[[ DATA, beginning ]]

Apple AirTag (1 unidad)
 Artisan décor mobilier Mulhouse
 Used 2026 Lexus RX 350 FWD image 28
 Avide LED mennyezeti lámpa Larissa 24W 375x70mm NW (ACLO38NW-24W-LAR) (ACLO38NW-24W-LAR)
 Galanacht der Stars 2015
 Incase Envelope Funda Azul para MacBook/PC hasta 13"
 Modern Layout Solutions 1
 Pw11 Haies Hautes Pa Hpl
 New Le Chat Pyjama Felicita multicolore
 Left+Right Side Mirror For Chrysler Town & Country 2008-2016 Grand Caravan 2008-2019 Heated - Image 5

[[ DATA, end ]]

**PROBLEM TO WORK ON**: Only the line containing "New Le Chat Pyjama Felicita multicolore" and the lines after it, up to and including the last line of the data, should appear in the answer, exactly as written.

**TASK OUTPUT**:
 New Le Chat Pyjama Felicita multicolore
 Left+Right Side Mirror For Chrysler Town & Country 2008-2016 Grand Caravan 2008-2019 Heated - Image 5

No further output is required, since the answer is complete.